The first parabolic antenna, built by Heinrich Hertz in 1888.
The idea of using parabolic reflectors for radio antennas was taken from optics, where the power of a parabolic mirror to focus light into a beam has been known since classical antiquity. The designs of some specific types of parabolic antenna, such as the Cassegrain and Gregorian, come from similarly named analogous types of reflecting telescope, which were invented by astronomers during the 15th century.[8][2]

German physicist Heinrich Hertz constructed the world's first parabolic reflector antenna in 1888.[2] The antenna was a cylindrical parabolic reflector made of zinc sheet metal supported by a wooden frame, and had a spark-gap excited dipole as a feed antenna along the focal line. Its aperture was 2 meters high by 1.2 meters wide, with a focal length of 0.12 meters, and was used at an operating frequency of about 450 MHz. With two such antennas, one used for transmitting and the other for receiving, Hertz demonstrated the existence of radio waves which had been predicted by James Clerk Maxwell some 22 years earlier.[9] However, the early development of radio was limited to lower frequencies at which parabolic antennas were unsuitable, and they were not widely used until after World War 2, when microwave frequencies began to be exploited.

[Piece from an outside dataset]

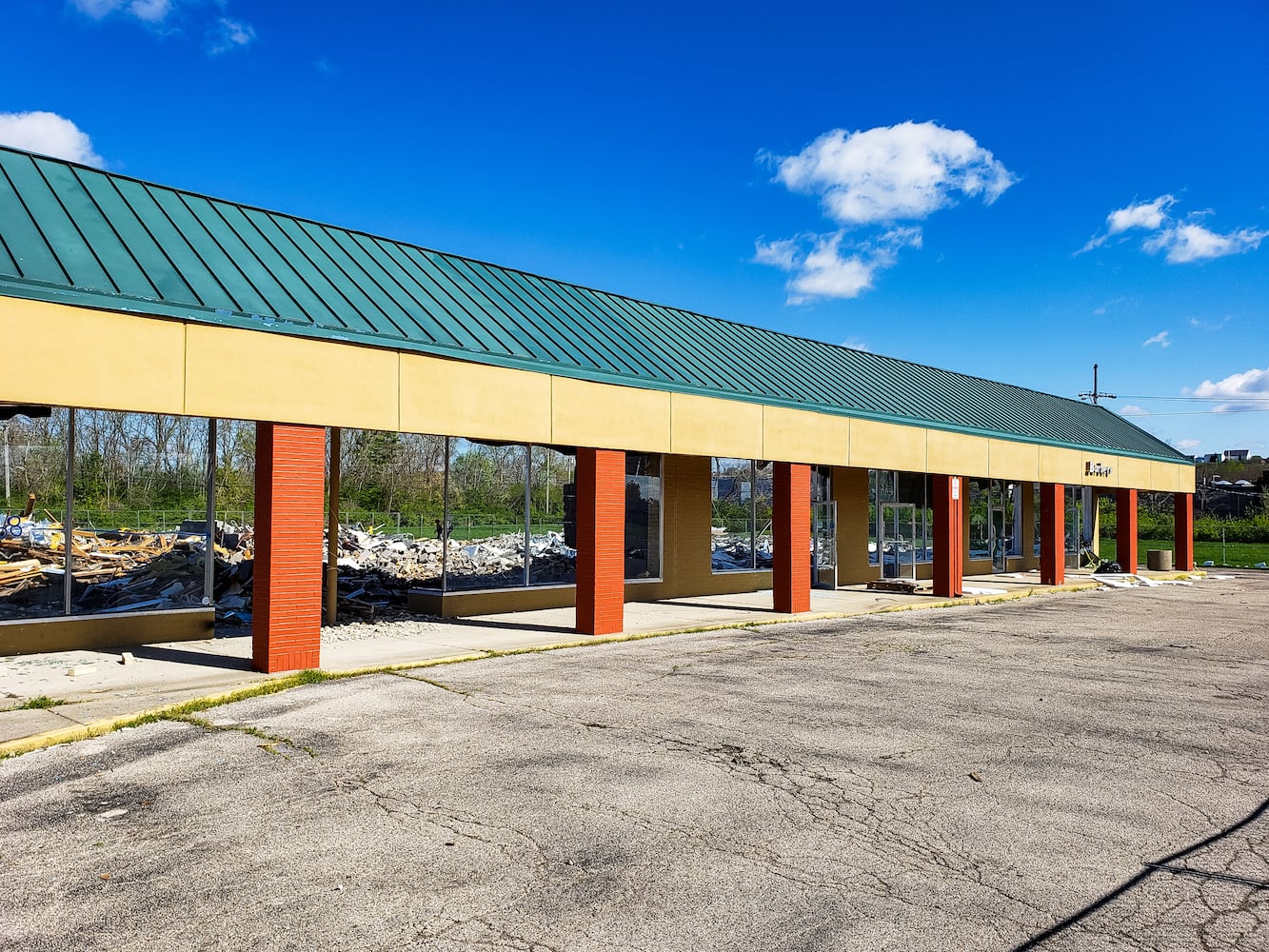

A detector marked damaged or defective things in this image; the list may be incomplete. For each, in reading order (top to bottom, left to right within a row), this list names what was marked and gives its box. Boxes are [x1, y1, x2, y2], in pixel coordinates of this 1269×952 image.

cracked asphalt parking lot [2, 575, 1269, 948]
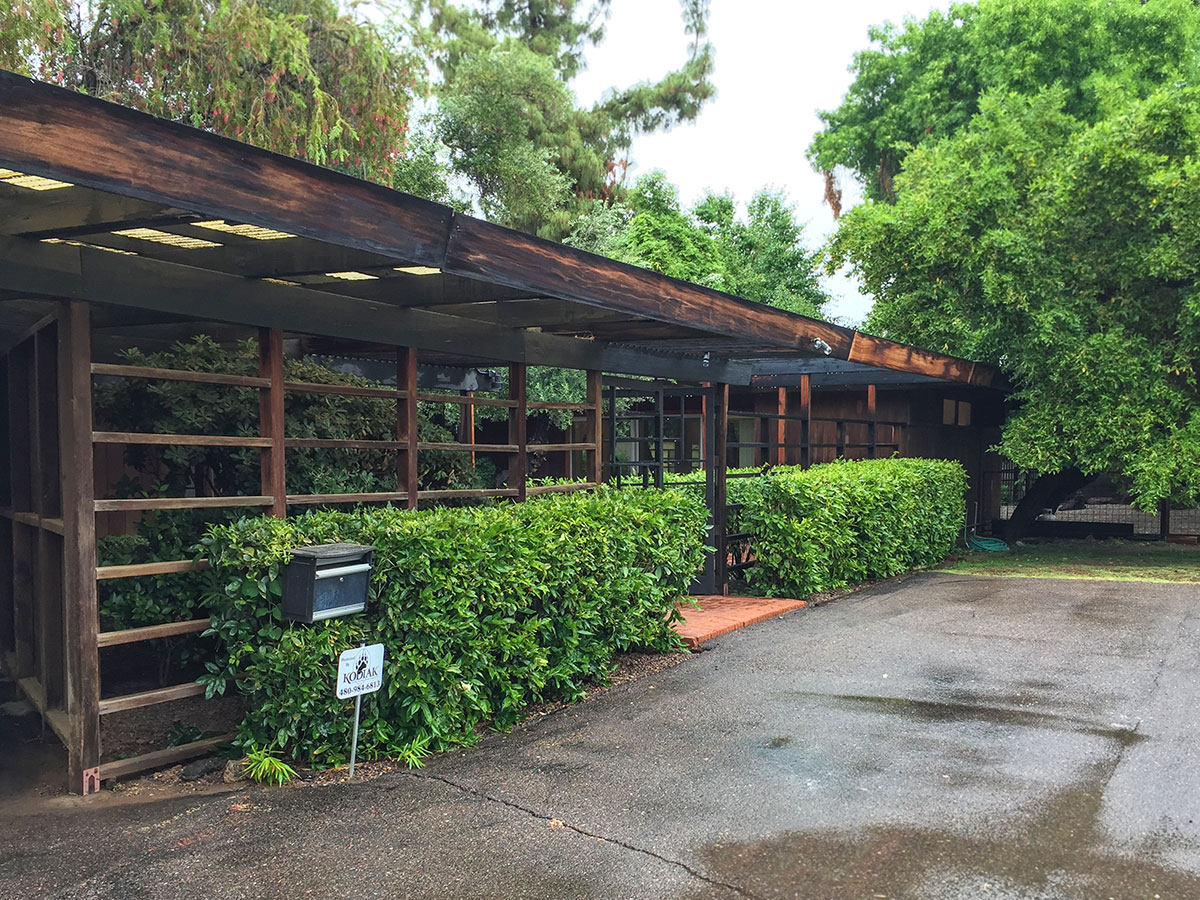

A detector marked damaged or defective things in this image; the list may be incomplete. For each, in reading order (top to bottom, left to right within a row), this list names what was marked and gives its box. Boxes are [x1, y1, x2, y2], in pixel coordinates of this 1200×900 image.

Italian radio pioneer Guglielmo Marconi used a parabolic reflector during the 1930s in investigations of UHF transmission from his boat in the Mediterranean.[8] In 1931 a 1.7 GHz microwave relay telephone link across the English Channel using 10 ft. (3 meter) diameter dishes was demonstrated.[8] The first large parabolic antenna, a 9 m dish, was built in 1937 by pioneering radio astronomer Grote Reber in his backyard,[2] and the sky survey he did with it was one of the events that founded the field of radio astronomy.[8]

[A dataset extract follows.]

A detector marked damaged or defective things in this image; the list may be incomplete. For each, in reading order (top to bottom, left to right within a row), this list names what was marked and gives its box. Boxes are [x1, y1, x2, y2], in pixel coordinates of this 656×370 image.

The development of radar during World War II provided a great impetus to parabolic antenna research, and saw the evolution of shaped-beam antennas, in which the curve of the reflector is different in the vertical and horizontal directions, tailored to produce a beam with a particular shape.[8] After the war very large parabolic dishes were built as radio telescopes. The 100 meter Green Bank Radio Telescope at Green Bank, West Virginia, the first version of which was completed in 1962, is still the world's largest fully steerable parabolic dish.

During the 1960s dish antennas became widely used in terrestrial microwave relay communication networks, which carried telephone calls and television programs across continents.[8] The first parabolic antenna used for satellite communications was constructed in 1962 at Goonhilly in Cornwall, England to communicate with the Telstar satellite. The Cassegrain antenna was developed in Japan in 1963 by NTT, KDDI and Mitsubishi Electric.[10] The advent in the 1970s of computer design tools such as NEC capable of calculating the radiation pattern of parabolic antennas has led to the development of sophisticated asymmetric, multireflector and multifeed designs in recent years.